Bare-knuckle punches ensue, though given the backer, we assume they’ll be delivered with less vivid language.

Gun play

Liberty Stands Still – a Lions Gate Entertainment feature that promises to raise the hackles of U.S. gun lobbyists – is in production until March 20, with box office powerhouse Wesley Snipes leading the crusade.

Written and directed by Kari Skogland and coproduced by local Ogden Gavanski, Liberty is about a hostage-taking incident involving an arms manufacturer and the debate about the right to bear arms. Linda Fiorentino costars.

One production twist: the shooting schedule is very compressed, leading to speculation that it was an MOW bumped up to a feature or that Snipes and co. are cramming in production before the actors strike.

Stockpiler

Warner Brothers Television, perhaps the busiest big studio in town, is backing at least three series pilots and maybe two features.

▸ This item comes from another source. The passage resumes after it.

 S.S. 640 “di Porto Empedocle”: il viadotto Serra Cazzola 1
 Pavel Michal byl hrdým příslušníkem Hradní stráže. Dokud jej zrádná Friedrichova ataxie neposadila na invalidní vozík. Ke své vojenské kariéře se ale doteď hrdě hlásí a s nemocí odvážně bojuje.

A quick week-long shoot will create the presentation pilot of Bad Haircut, involving a boys-coming-of-age storyline.

Frequent Vancouver visitor David Nutter, actually an American who’s forged his producer/director career on Vancouver-made production, is back for a bigger-budget pilot for Smallville. Production runs until the end of the month. Likewise, the WB pilot The Clark Brothers shoots until March 30.

Another pilot not yet official is The Young Person’s Guide to Being A Rock Star.

On the feature side, Warner is planning to do Insomnia and The Apprentice (formerly The Company) with wrap dates before strike dates.

Star crazy

New and renewed production in Vancouver is heavy on the science fiction.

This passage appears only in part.